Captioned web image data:
_ _ _ _ _ _ _

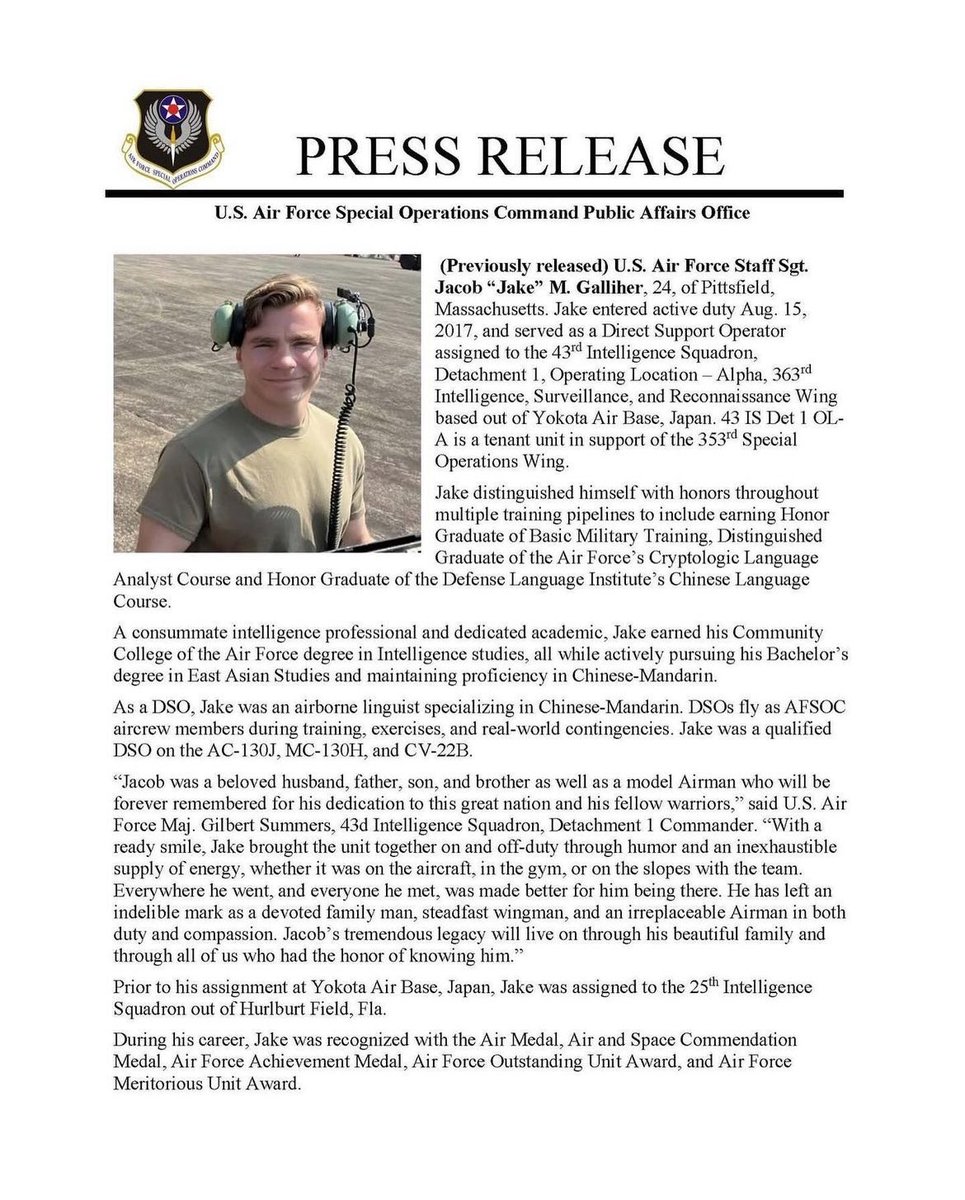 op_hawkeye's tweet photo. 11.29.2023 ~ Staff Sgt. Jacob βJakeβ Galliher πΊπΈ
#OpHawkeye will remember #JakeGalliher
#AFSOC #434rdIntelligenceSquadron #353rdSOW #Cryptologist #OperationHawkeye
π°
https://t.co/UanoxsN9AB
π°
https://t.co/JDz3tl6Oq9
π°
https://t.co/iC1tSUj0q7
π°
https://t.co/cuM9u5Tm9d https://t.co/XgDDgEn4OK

_ _ _ _ _ _ _

▸ **TASK TO COMPLETE**
Return the lines above exactly; the images are not part of the copy.

▸ **RESPONSE AREA**
 op_hawkeye's tweet photo. 11.29.2023 ~ Staff Sgt. Jacob βJakeβ Galliher πΊπΈ
#OpHawkeye will remember #JakeGalliher
#AFSOC #434rdIntelligenceSquadron #353rdSOW #Cryptologist #OperationHawkeye
π°
https://t.co/UanoxsN9AB
π°
https://t.co/JDz3tl6Oq9
π°
https://t.co/iC1tSUj0q7
π°
https://t.co/cuM9u5Tm9d https://t.co/XgDDgEn4OK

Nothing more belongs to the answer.